To date, Zimbler has restored over 150 doors in Oak Park. Even though he has moved the studio for Zimbler Furniture Refinishing to South Bend, Zimbler is back in Oak Park regularly. He and Betsy lived in Oak Park for over 25 years, raising their two kids in town.
Today, he makes regular house calls to Oak Park and River Forest to pick up interior doors and furniture to refinish in his South Bend studio. During the warmer months, he refinishes exterior doors on-site.
It’s a multi-step process: he takes the door off, refinishes and repairs it, then rehangs the door. He comes back the second day for a coat of stain and a third day to finish the process.
Working on doors gives him a good amount of job satisfaction. “It’s about not wanting to see a good piece of wood go into the dumpster. These doors and other pieces were geared to last, unlike today’s stuff which is made of veneer and cheaper materials.”
His website: https://www.zimblerfurniturerefinishing.com/ has a page of testimonials of pleased customers, one of whom touts the historic preservation principles behind refinishing doors rather than buying new.
Zimbler has been helping Oak Park Realtor Laura Maychruk by refinishing all of the interior doors on her new home, which she details in her You Tube series: https://www.youtube.com/watch?v=jHE3WkCrjrI
Zimbler has finished 12 of Maychruk’s 20 original doors, and due to a stroke of luck, narrowly avoided disaster. Last fall, the garage that Zimbler used for a studio caught on fire. He was able to save Maychruk’s doors, but the garage was a total loss. He’s since procured a commercial space for his refinishing work and says he and his loyal doodle Molly can be found there most days working on projects.
Proving the power of a good teacher, Zimbler credits his junior high shop teacher with his love of woodworking. “Mr. Nelson at East Prairie in Skokie really taught me. He praised my work, and it sunk in my head. Later, I took some classes in Chicago, and some of this is self-taught.”
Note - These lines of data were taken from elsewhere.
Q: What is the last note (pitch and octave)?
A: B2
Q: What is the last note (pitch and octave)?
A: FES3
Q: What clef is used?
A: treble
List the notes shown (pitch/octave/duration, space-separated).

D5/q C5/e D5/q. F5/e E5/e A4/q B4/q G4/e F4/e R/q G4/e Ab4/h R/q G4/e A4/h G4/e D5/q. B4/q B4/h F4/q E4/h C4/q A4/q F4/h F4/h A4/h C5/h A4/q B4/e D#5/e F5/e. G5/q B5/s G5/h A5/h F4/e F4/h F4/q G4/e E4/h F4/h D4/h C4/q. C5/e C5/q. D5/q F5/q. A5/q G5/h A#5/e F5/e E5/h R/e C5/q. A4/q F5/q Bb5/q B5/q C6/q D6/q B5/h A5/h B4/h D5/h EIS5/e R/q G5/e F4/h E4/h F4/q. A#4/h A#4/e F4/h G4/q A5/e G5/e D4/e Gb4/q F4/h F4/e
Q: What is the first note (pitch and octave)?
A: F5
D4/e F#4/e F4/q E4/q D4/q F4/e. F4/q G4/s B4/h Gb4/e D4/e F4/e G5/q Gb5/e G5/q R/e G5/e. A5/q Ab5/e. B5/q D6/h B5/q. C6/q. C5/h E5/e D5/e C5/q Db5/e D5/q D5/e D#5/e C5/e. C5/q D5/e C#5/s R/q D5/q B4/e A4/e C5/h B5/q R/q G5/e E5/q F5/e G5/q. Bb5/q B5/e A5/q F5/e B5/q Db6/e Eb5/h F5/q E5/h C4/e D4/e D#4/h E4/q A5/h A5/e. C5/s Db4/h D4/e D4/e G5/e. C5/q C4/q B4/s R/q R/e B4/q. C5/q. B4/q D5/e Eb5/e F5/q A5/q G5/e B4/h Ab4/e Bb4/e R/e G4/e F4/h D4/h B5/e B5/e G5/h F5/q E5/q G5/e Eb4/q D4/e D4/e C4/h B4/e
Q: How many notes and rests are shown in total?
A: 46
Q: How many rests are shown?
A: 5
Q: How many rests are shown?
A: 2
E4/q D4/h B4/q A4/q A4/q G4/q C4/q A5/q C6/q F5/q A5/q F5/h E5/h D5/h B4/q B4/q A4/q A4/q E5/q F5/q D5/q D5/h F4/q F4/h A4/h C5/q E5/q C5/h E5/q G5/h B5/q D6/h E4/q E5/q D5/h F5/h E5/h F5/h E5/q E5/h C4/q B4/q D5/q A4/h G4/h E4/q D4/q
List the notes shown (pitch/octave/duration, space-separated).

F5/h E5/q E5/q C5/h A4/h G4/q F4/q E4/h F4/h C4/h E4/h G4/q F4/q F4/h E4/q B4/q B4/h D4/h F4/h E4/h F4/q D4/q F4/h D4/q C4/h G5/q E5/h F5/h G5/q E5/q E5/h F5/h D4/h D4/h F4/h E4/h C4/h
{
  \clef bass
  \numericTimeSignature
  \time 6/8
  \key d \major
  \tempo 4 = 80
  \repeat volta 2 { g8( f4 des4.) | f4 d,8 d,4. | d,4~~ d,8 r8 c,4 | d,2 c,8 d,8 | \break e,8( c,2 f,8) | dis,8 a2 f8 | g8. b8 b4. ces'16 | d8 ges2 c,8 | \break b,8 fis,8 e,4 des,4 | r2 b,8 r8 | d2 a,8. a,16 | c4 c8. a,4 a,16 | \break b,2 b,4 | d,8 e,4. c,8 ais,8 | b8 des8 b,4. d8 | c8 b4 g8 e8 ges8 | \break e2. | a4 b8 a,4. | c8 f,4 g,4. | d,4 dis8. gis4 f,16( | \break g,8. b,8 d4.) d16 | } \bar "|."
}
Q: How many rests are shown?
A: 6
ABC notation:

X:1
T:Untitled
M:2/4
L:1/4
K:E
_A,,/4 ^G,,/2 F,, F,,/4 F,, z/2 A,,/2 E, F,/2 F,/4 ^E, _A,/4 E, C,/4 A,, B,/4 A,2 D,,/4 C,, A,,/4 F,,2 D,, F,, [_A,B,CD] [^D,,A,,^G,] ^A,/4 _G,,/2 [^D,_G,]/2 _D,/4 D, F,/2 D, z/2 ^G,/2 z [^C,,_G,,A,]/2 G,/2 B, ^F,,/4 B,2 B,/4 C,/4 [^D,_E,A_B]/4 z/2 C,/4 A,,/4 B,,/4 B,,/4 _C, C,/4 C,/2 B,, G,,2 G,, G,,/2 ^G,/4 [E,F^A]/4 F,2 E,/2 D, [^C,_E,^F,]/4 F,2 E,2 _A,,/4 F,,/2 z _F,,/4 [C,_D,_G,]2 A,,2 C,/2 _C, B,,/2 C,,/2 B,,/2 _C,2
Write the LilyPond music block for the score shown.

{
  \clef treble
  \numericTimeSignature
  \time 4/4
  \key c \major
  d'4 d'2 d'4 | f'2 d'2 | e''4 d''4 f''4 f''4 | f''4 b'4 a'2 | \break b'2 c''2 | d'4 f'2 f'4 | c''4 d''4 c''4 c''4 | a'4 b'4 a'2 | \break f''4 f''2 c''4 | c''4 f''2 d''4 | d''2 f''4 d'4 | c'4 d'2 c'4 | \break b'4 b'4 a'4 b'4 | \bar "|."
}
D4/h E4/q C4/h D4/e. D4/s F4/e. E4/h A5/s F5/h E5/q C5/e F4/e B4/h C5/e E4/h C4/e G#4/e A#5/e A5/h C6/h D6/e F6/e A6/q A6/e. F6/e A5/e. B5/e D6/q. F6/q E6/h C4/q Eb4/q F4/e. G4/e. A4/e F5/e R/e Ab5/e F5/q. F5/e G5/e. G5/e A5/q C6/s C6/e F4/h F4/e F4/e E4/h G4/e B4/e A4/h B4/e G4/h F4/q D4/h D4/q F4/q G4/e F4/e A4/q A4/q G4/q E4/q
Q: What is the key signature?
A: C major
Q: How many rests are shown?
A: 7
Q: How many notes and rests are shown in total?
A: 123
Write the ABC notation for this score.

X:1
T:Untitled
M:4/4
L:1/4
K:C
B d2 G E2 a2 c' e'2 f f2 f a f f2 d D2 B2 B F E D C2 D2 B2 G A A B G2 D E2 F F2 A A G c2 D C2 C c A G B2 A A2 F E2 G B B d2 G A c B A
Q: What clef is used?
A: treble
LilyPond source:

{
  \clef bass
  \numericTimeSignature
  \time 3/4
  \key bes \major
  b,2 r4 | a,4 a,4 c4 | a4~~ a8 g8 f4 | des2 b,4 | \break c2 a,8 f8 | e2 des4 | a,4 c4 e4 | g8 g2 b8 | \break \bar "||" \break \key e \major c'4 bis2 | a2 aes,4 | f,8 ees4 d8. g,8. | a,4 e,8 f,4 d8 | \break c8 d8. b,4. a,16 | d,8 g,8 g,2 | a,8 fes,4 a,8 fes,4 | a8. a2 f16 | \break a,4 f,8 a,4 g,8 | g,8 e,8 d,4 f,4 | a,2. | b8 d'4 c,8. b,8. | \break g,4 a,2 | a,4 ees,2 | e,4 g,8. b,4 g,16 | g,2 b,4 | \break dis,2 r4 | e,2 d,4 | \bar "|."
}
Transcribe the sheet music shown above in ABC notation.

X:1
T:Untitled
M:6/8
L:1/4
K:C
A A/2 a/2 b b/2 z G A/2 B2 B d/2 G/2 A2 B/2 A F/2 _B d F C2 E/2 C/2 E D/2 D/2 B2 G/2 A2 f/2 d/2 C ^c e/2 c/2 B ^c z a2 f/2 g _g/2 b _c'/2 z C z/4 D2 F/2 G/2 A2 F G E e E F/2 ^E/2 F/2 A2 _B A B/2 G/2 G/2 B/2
Once the business started building up, he says it really became about how much equipment he could buy without it taking over his house. Along the way, Betsy has been his biggest cheerleader, but he notes, she prefers not to ride in his car anymore due to all the wood dust.
Zimbler sees his side career as something he will continue even as he and Betsy plan their empty nest years around a new RV purchase and trips with Molly.
He calls woodworking a good retirement job and says, “I love meeting people and hearing their stories. I love seeing items come back to life. When I first started, people thought this was a niche business, but to me, the real headline is that people from Oak Park and River Forest really care about their old houses.”